At a time when personal debt is through the roof being very circumspect regarding making any purchase, regardless of size, would seem to be the order of the day. But if we fail to recognize our culture is ‘rigged’ to encourage us to buy, buy, buy whether we truly ‘need’ these items and services or not we are doomed to continue this path. It has taken me sixty plus years to finally recognize the difference between my wants and my needs on a personal level. And it was necessary, for me, to leave behind the frenetic pace of life in and around the lower 48 population centers and move to semi-rural south central Alaska before I really began to understand my wants verses my needs. Once my lifestyle slowed down and I began to focus on what I found to be the really important things in my life – family, friends, health, spiritual nourishment and giving back – I began to realize just how much stuff I had accumulated based upon me confusing my ‘wants’ for my ‘needs’. I suppose this is the classic case of ‘better late than never’..?! So as I embrace the ‘holidaze’ I find myself doing so from the perspective of ‘what can I do to help’ as versed with ‘what can I purchase for me’. This is very new and something I find I truly enjoy. Merry Christmas and happy holidays to all..!!
Excellent posting Bill, I could not have written a better piece about the want/need equation happening around Christmas. You and I have been lucky to find out the difference and be able to change our ways, while as we can see the rest of the lower 48 is in its annual buying frenzy.

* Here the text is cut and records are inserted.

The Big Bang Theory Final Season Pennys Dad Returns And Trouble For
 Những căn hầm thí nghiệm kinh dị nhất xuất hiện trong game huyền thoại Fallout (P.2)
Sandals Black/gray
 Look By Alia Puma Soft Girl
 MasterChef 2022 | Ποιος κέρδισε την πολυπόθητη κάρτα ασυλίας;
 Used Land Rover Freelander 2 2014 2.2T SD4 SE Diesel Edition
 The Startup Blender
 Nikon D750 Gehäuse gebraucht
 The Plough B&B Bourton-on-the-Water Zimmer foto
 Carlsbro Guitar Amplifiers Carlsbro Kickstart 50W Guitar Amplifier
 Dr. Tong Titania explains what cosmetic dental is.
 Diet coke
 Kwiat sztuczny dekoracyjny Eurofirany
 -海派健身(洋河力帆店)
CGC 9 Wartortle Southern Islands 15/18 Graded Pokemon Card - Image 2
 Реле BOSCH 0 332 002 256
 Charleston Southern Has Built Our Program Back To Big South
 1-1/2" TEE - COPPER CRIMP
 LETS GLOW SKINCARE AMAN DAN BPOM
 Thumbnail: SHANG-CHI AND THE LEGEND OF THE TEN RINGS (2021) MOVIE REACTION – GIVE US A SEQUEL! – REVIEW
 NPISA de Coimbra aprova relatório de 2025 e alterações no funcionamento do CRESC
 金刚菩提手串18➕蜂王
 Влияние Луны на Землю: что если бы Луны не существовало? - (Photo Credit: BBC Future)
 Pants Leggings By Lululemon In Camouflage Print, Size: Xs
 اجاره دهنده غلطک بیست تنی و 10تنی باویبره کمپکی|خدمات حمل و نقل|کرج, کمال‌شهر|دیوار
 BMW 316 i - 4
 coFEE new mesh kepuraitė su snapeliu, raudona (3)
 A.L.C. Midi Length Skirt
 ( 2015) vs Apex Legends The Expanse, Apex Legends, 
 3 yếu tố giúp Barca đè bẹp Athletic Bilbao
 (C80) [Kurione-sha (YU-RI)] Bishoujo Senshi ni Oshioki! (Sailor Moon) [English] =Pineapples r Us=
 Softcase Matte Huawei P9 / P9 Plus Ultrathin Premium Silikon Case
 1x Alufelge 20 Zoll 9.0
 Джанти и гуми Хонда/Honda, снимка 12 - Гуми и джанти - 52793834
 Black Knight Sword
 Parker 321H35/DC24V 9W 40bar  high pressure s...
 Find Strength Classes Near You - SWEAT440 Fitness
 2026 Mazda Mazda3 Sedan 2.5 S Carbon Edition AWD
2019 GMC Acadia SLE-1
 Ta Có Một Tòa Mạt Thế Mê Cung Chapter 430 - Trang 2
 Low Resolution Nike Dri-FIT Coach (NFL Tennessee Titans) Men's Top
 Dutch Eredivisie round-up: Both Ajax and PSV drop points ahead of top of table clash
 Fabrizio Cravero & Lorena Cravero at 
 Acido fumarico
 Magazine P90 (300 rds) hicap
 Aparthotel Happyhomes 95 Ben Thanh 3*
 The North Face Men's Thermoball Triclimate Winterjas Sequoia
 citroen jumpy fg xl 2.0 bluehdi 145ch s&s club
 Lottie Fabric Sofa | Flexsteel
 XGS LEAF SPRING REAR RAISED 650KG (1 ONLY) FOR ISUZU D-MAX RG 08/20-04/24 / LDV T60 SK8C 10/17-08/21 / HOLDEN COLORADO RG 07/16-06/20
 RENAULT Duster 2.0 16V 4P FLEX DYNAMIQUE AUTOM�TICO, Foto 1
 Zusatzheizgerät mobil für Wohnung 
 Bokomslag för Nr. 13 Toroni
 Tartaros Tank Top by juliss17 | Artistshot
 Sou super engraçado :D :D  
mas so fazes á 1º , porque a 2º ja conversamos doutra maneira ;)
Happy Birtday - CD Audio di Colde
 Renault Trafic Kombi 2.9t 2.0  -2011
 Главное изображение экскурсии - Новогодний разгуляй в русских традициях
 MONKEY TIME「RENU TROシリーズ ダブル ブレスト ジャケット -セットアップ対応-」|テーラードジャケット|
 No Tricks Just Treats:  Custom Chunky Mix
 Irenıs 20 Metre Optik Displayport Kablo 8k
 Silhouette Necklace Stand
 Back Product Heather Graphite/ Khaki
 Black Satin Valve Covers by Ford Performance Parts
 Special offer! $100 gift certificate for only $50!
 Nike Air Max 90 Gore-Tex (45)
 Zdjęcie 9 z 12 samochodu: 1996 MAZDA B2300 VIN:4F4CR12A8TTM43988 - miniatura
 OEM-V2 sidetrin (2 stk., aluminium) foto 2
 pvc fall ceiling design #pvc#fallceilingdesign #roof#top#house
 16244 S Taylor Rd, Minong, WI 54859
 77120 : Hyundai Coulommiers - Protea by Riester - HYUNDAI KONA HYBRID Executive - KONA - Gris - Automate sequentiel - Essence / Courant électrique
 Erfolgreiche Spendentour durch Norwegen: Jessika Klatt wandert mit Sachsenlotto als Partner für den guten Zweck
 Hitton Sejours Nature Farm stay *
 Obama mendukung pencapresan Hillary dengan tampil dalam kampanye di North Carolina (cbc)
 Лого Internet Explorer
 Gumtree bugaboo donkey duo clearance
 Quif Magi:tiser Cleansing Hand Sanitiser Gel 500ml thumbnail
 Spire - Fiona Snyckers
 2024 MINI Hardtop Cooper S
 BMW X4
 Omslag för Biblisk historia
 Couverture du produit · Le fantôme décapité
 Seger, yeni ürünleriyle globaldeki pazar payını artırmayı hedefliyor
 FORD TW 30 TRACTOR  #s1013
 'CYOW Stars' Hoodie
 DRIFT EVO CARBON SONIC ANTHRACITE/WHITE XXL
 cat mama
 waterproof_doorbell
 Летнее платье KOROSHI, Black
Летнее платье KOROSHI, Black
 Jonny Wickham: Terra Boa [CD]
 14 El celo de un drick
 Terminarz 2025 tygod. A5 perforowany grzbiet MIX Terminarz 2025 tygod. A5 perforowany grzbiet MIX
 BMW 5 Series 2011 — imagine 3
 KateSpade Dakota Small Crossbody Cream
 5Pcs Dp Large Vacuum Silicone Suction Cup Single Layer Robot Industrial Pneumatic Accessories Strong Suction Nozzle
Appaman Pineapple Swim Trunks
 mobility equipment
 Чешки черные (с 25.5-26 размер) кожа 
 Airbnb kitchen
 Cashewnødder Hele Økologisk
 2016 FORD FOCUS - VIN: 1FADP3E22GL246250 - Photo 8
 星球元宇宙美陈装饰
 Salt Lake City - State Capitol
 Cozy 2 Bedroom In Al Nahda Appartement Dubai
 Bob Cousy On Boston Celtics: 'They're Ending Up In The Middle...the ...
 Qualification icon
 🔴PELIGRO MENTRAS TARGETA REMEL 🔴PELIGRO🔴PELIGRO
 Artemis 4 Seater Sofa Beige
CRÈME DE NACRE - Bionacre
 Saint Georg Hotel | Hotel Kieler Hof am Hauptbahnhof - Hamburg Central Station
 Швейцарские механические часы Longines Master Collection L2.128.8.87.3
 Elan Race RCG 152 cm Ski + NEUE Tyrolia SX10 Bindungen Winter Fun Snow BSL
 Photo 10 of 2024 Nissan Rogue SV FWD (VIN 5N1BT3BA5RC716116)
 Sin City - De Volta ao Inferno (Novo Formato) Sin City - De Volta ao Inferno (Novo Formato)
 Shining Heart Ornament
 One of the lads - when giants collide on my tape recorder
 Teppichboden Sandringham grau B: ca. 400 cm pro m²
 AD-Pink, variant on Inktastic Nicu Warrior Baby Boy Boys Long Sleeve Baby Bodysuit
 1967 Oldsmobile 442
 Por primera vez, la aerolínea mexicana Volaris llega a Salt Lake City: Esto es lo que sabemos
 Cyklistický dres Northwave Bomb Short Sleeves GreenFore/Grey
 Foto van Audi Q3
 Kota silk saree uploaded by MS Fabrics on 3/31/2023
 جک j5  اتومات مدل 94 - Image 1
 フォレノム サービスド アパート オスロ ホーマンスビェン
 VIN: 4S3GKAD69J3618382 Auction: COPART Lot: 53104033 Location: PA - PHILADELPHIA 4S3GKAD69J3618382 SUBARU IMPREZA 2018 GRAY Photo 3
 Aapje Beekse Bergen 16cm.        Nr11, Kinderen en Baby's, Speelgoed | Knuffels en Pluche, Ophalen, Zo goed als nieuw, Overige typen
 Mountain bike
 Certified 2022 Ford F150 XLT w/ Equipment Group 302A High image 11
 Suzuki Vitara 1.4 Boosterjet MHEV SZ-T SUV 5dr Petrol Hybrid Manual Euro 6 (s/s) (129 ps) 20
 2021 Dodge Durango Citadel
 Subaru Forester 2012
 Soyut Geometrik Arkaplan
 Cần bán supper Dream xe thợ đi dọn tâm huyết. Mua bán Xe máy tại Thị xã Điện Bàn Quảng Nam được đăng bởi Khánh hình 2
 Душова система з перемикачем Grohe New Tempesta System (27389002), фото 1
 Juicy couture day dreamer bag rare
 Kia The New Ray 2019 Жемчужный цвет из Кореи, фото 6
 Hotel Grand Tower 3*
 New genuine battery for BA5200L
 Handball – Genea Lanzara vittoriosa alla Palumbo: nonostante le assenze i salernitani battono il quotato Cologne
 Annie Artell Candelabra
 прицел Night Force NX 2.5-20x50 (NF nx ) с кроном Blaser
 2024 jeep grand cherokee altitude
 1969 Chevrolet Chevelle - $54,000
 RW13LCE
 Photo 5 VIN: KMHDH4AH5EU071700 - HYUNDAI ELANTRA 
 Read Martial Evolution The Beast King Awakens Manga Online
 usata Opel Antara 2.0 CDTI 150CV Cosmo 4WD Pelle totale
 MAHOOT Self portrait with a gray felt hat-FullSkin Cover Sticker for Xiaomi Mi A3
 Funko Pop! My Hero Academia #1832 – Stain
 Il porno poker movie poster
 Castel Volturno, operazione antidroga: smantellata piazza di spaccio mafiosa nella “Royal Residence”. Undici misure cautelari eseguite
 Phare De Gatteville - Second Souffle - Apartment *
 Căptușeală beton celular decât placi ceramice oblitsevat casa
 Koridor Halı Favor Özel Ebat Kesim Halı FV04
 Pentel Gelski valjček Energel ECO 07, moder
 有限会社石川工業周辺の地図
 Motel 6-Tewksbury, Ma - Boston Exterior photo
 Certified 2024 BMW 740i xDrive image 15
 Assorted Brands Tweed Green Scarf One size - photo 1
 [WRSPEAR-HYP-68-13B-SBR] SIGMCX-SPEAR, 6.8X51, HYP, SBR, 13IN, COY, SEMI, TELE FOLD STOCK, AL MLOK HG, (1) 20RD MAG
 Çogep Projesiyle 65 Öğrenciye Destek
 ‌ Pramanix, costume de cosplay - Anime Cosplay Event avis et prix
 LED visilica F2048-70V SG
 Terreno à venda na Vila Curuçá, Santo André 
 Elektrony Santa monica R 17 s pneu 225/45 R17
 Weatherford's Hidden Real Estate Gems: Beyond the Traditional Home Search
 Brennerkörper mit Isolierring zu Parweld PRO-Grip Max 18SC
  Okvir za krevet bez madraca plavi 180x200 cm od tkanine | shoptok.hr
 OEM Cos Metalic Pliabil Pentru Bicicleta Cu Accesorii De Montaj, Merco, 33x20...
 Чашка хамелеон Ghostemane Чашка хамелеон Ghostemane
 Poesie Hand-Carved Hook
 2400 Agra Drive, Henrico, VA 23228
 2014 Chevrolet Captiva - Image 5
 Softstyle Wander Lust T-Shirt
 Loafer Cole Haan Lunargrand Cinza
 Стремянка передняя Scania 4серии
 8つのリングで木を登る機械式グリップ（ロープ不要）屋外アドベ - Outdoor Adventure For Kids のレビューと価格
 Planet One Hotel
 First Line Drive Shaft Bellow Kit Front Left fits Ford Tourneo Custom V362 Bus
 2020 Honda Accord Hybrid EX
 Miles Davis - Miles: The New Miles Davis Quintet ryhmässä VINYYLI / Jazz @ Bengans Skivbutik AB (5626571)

Crank up the stereo turn up the heat and sit back with the kids
and enjoy the Christmas season.
A-Men, Brother! Thanks for the kind words; I suppose I sound like an ‘old coot’ to many of the younger generation – and I suppose I am! – but I also have truly tired of the rampant materialism that has come to define the season. That’s Madison Avenue running amok and I hate it. At least, as you indicated, I can kick back up here and largely ignore such nonsense. Time for more steps; have a great one, Pete!
I agreed on so many levels. I used to hate Christmas. On one hand, I couldn’t afford to get my boys what the wanted and on the other, my mum would buy them anything they didn’t exactly want and everything they didn’t need.
Even now, after being in AK for a year, I am finding I really don’t need some of the things I purchased and am not sure that one thing I want is really needed. Crazy!
Hey Kris – As I age I’m really embracing the concept that ‘simpler is better’! I am downsizing my existence and I’d sure like to do a whole lot more of the same!!